Low-residual vehicles can haunt a model's demand, tarnish the overall brand and hurt new-car sales.
Doolan says that Volvo, like all premium car companies, has long paid attention to residual values. Many leasing firms and captive finance companies, including Volvo Financial, get burned when forecasts are way off — as they have been in recent years.
Industry-wide residual loss levels are declining but the money involved is still staggering. Residual losses totaled $11 billion in 2000 and $10 billion in 2001. The not-so-great good news is they are expected at only $8 billion this year, says Nyars.
“Our focus on resale values is a continuation, but also an intensification,” says Doolan. “It's fundamental in this business. Resale value is the ultimate mirror that reflects true strength of a premium brand.”
The Ford-owned Swedish auto maker has struggled with residuals in the past. Volvo finished dead last in a Consumer Reports' ranking of premium car brands' residual values.
Says Nyars, “Resale value goes to the heart of our business… No one in the organization is comfortable with where residuals are. They need to get better.”
Towards that end, Volvo is getting more involved in used-car marketing. The auto maker is trying to do that through a certified pre-owned program, considered a good way for manufacturers to remarket cars coming off lease. Volvo hopes to sell 37,000 certified used vehicles this year.
Says Doolan, “We want to build a strong pre-owned business with our dealers. They appreciate it and profit from it.”
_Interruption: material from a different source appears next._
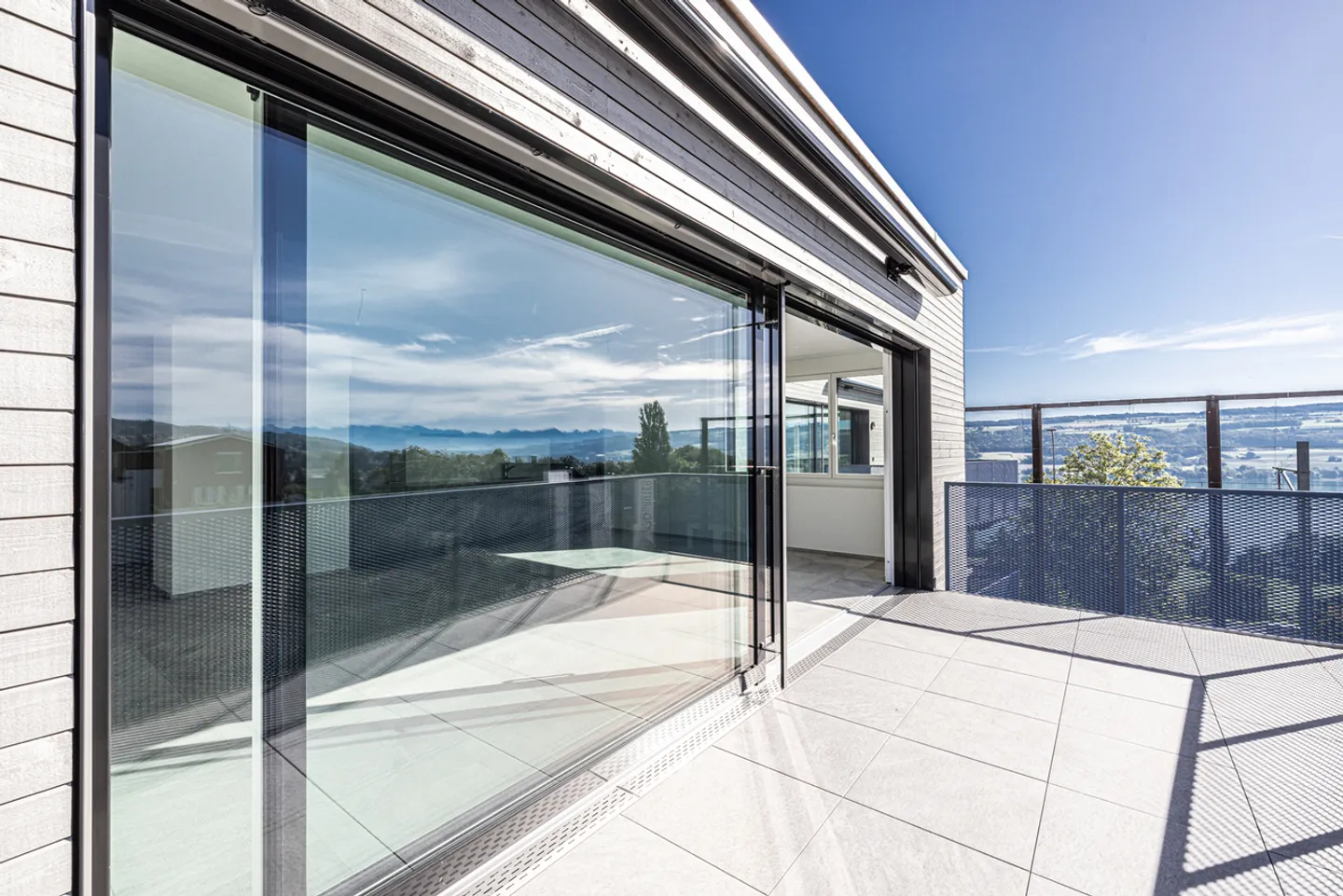 Hochwertige 3.5 Zimmerwohnung - mit Seesicht - Foto 1 von 11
Nyars says the goal is to sell as many XC 90s “as we can.” But that can be a balancing act for premium car companies. They must move the metal, but not dilute the exclusivity of the luxury brand. One way to do the latter — and mess up residual values at the same time — is to glut the market.
Volvo vows to keep demand “slightly ahead of supply” to bolster those resale values because they're “a reflection of the brand,” says Walt Langley, vice president of product marketing for Volvo Cars of North America.
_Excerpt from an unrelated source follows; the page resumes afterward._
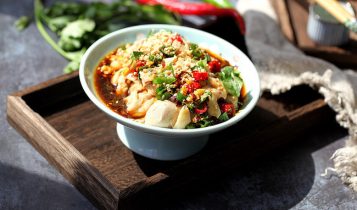 Thực đơn hàng ngày: Gà trộn nước tương kích thích vị giác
Residual setters and experts are watching with interest as Volvo addresses resale value issues for a vehicle that isn't even out yet.
“There's a big push by Ford Motor Co. top executives on down to concentrate on residuals,” says Joshua Wilson, editor of Automobile Red Book, which tracks used-car prices. “They're saying, ‘Don't shoot yourself in the foot.’ Fundamentally, it's making sure supply doesn't exceed demand.”
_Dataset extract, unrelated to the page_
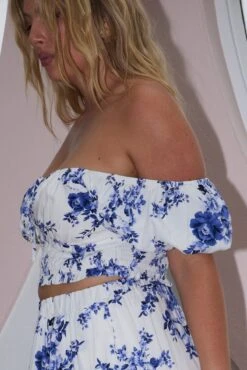Blue Floral Crop Top Short Sleeve Shirred Waist -You And All Fashion Store cwc2501i 47r floral 4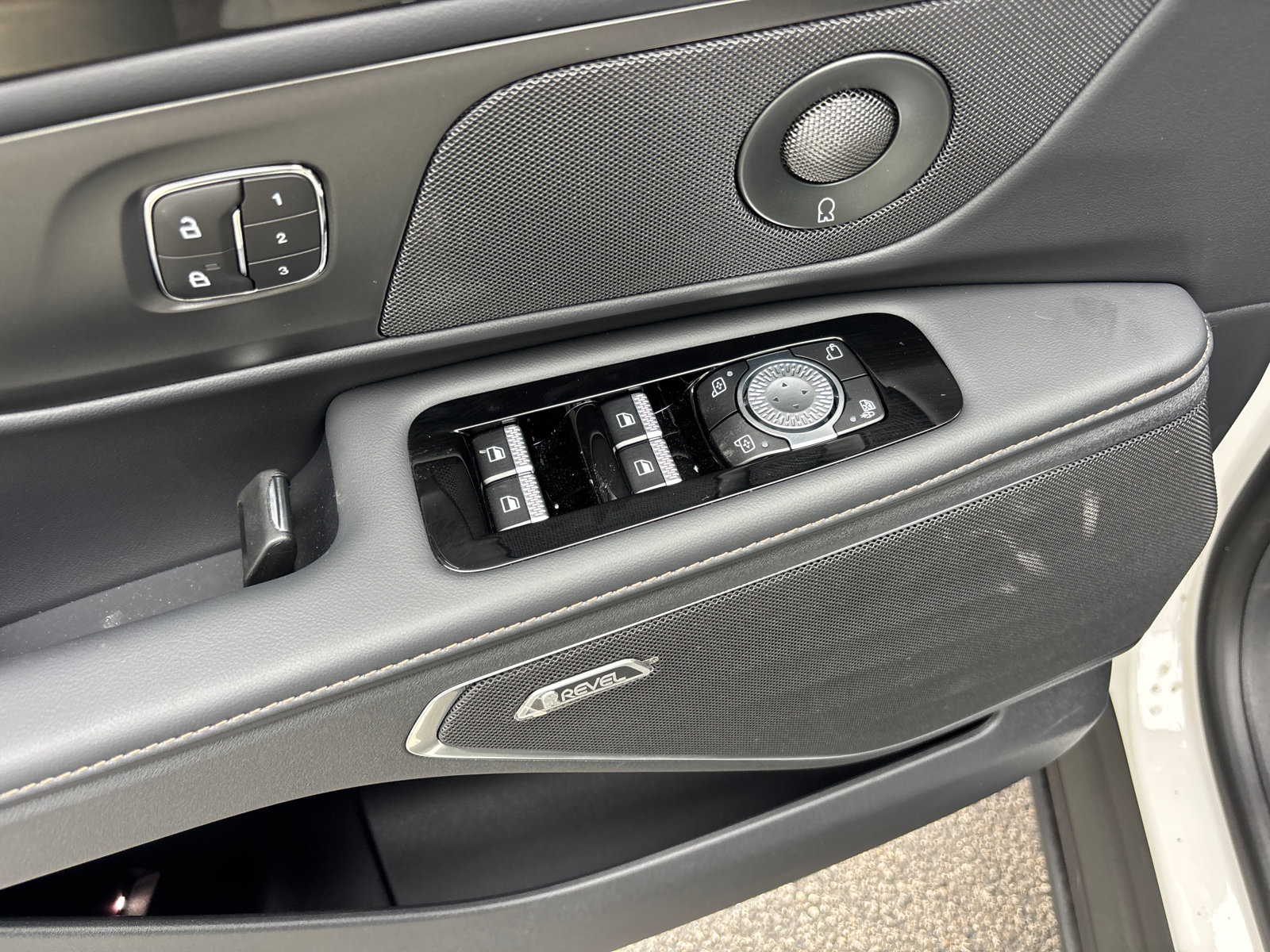 New 2026 Lincoln Nautilus Reserve AWD/4WD image 13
Mark Perleberg of the NADA Appraisal Guides warns that vehicles take residual hits when manufacturers focus heavily on fleet and rental lease sales.
He says, “Often, in such circumstances, you get back cars in tacky shape and they come back en masse. It's hard to remarket all of them at once and it hurts residuals if Enterprise dumps 400 cars on a place like Orange County, CA, which only has three Volvo dealers.
“Manufacturers are realizing residuals are not a free-for-all, and what you do now affects your future.”
Adds Tom Shaver, a senior auto analyst for J. D. Power & Associates, “You can say what you want to do. But then, the market forces take over. The XC 90 should sell well. If it does or doesn't, the market will dictate what it will be worth in two or three years.”
Volvo is trying to convince the residual-setting community that the XC 90's resale value shouldn't be a projection of Volvo's history of rather weak residuals, says Charlie Vogelheim, executive editor of Kelley Blue Book, a tracker of used-car values.
He explains, “Volvo is saying this is an all-new vehicle in a new class for them, so its residuals should be set accordingly. They can present a rosy viewpoint going in. But, in the end, John Q. Public decides residual values. It's really about the desirability of a product.”